4 CPC, dont le texte est clair (JT 1998 III 53; Poudret/Haldy/Tappy,
Procédure civile vaudoise, 3
ème
éd., Lausanne 2002, note ad art. 369 CPC),
que l'entrée en vigueur de la LTF (loi du 17 juin 2005 sur le
Tribunal fédéral ; RS 173110) ne modifie pas cette approche,
-
3 -
qu'au sens de l'art. 90 LTF, le prononcé de mesures
protectrices de l'union conjugale constitue une décision finale susceptible
de faire l'objet du recours en matière civile (art. 72 ss LTF),
que les mesures protectrices de l'union conjugale étant des
mesures provisionnelles au sens de l'article 98 LTF, seule peut être
invoquée à leur encontre la violation de droits constitutionnels (ATF 133 III
393),
que les art. 75 al. 2 et 111 al. 3 LTF exige certes, en principe,
pour des décisions pouvant faire l'objet d'un recours en matière civile, que
les cantons instituent des tribunaux supérieurs comme autorités
cantonales de dernière instance, qui doivent au moins disposer d'un
pouvoir d'examen équivalent à celui du Tribunal fédéral,
que, toutefois, l'art. 130 LTF accorde à cet effet des délais aux
cantons pour adapter leur législation, délais qui ne sont pas encore échus,
qu'il en découle que, le texte de l'art. 369 al. 4 CPC étant clair,
une modification de la jurisprudence n'est pas imposée par la LTF (CREC II
30 octobre 2007 2007/218 et 28 décembre 2007/267),
que, dès lors, faute de porter sur un motif de nullité valable au
sens de l'art. 369 al. 4 CPC, le recours interjeté par A.G.________ est
irrecevable,
qu'il est au demeurant mal fondé,
qu'en premier lieu en effet, dans la lettre manuscrite qu'elle a
déposée personnellement au greffe du tribunal d'arrondissement le 24
septembre 2009 et à laquelle elle se réfère, la recourante a uniquement
indiqué que tout courrier la concernant pouvait être désormais transmis à
son adresse privée,
-
4 -
qu'une telle lettre ne pouvait constituer un appel,
qu'en second lieu, l'appel dactylographié que la recourante a
ensuite posté le 25 septembre 2009 a été interjeté plus de dix jours après
que le prononcé du 11 septembre 2009 lui a été notifié, le 14 septembre
2009,
qu'il était par conséquent tardif au sens des art. 369 al. 1 et 33
CPC,
que l'arrêt est rendu sans frais.
Par ces motifs,
la Chambre des recours du Tribunal cantonal,
statuant à huis clos,
p r o n o n c e :
I. Le recours est irrecevable.
II. L'arrêt motivé, rendu sans frais, est exécutoire.

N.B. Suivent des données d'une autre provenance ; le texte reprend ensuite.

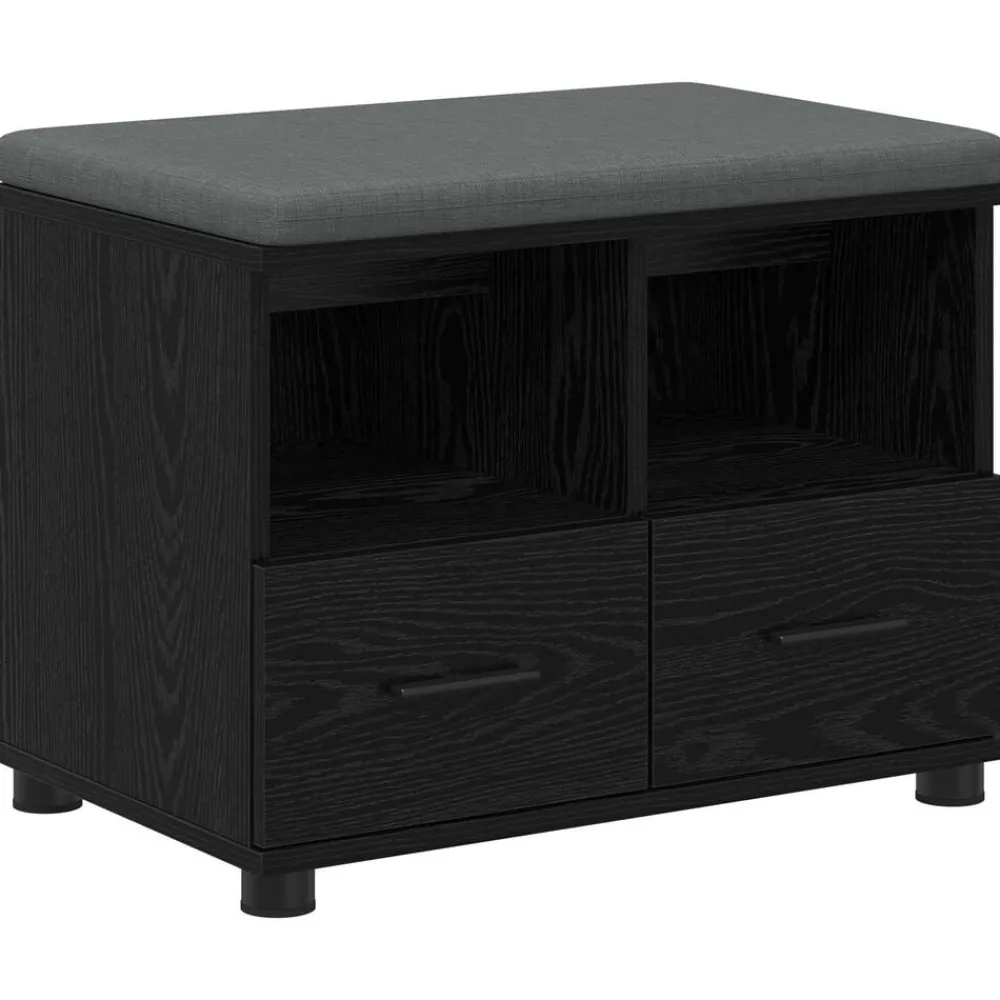 Bancs-vidaXL Banc d'entrée avec coussin Chêne Noir 60 x 38 x 46 cm Chêne noir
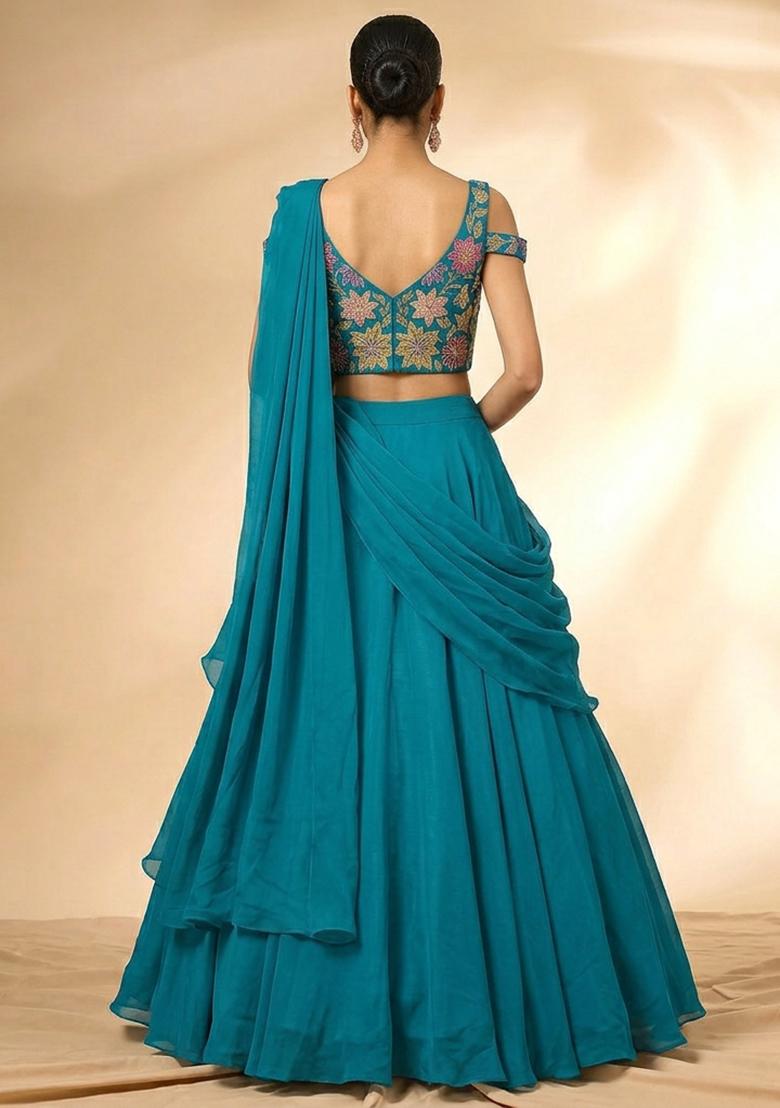 Teal Printed Crepe Lehenga Set - Indya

Le président : La greffière :
Du
L'arrêt qui précède, dont la rédaction a été approuvée à huis
clos, est notifié à :
-Me Christine Raptis (pour Mme A.G.),
-Me Antoine Eigenmann (pour B.G.).
-
5 -
Il prend date de ce jour.
La Chambre des recours considère que la valeur litigieuse est
supérieure à 30'000 francs.
Le présent arrêt peut faire l'objet d'un recours en matière
civile devant le Tribunal fédéral au sens des art. 72 ss LTF (loi du 17 juin
2005 sur le Tribunal fédéral – RS 173.110), cas échéant d'un recours
constitutionnel subsidiaire au sens des art. 113 ss LTF. Dans les affaires
pécuniaires, le recours en matière civile n'est recevable que si la valeur
litigieuse s'élève au moins à 15'000 fr. en matière de droit du travail et de
droit du bail à loyer, à 30'000 fr. dans les autres cas, à moins que la
contestation ne soulève une question juridique de principe (art. 74 LTF).
Ces recours doivent être déposés devant le Tribunal fédéral dans les
trente jours qui suivent la présente notification (art. 100 al. 1 LTF).
Cet arrêt est communiqué, par l'envoi de photocopies, à :
-Tribunal civil de l'arrondissement de La Côte.